Gregory Shipperd (born 13 November 1956) is an Australian cricket coach and former cricketer who is the current coach of the Sydney Sixers coaching them to the Big Bash League title in BBL09 in 2019–20. He was also the coach of Delhi Daredevils. As a player, he represented Western Australia from 1977–78 to 1984–85 and finished his career with Tasmania in 1990–91. He went on to coach Tasmania and Victoria, as well as had stints as coach of Twenty20 cricket franchises Melbourne Stars and Delhi Daredevils.

==Playing career==
A right-handed top-order batsman, Shipperd never played a Test or ODI for Australia, but was part of two rebel tours to South Africa in 1985–86, and in 1986–87. On the 1985–86 tour Shipperd scored 397 runs at 28.35, with a top score of 79. On the second tour he played in one match, scoring 53 runs at 26.50.

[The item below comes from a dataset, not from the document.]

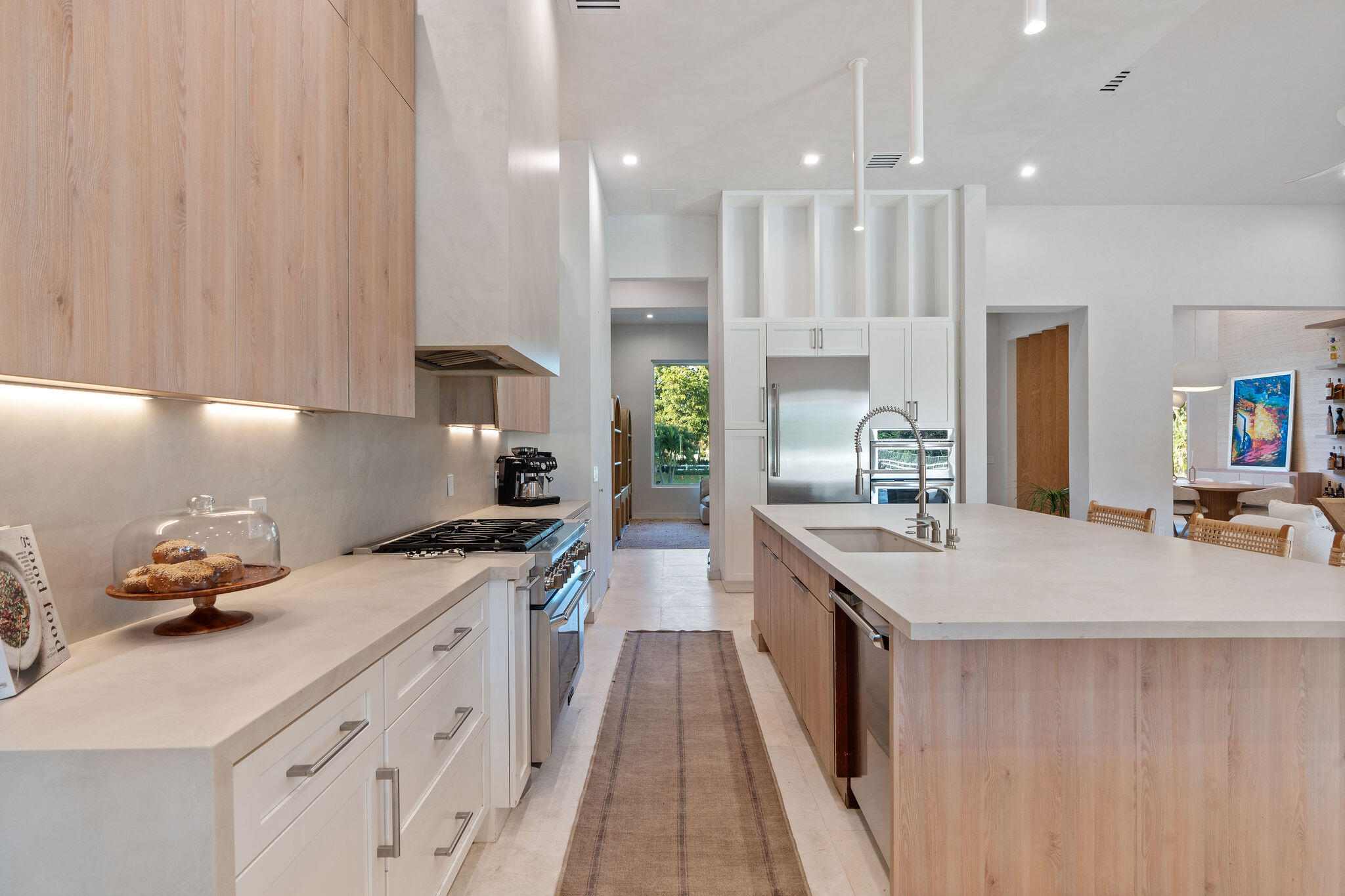 SUNSHINE RANCHES - Residential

In his 112 first-class cricket matches he made 6806 runs at 42.27. He was a member of the Western Australia team that won the Sheffield Shield in 1980–81 and in 1983–84. His highest score of 200 not out was made from 571 balls at the WACA, playing for Tasmania. In the same year he scored the slowest first-class century ever by an Australian, taking 481 minutes to score his hundred.

==Coaching career==
===Tasmania===
Shipperd's first head coaching role was with Tasmania. He coached Tasmania for 11 seasons and guided them to their maiden Sheffield Shield final in 1993–94. Under Shipperd, Tasmania made the final again in 1997–98 and 2001–02.

===Victoria===
Moving back to Victoria, Shipperd became assistant coach of Victoria. He took over in 2004 when David Hookes was killed. He led Victoria their first Pura Cup title since 1990–91. In total he coached Victoria to 4 Sheffield Shield titles (2003/04, 2008/09, 2009/10, 2014/15), one National One-Day Cup (2010/11) and four Big Bash titles (2005/06, 2006/07, 2007/08, 2009/10). At the end of the 2014/15 season Victoria decided to part ways with Shipperd despite winning the Sheffield Shield.

===Melbourne Stars===
With the introduction of the Big Bash League for the 2011/12 season, Shipperd was named the inaugural coach of the Melbourne Stars. He led the Stars to the finals in all four seasons in charge but each time they were to suffer defeat in the semi-finals. After the 2014–15 Big Bash League season he was removed from his position as head coach.

===Delhi Daredevils===
Shipperd was the inaugural coach of the Delhi Daredevils in the Indian Premier League. He was head coach for four seasons.

===Sydney Sixers===
In August 2015, Shipperd was announced as the new head coach of the Sydney Sixers, taking over from Trevor Bayliss.

===New South Wales===
In November 2022, Shipperd was announced as the interim head coach of New South Wales, after Phil Jacques was dismissed.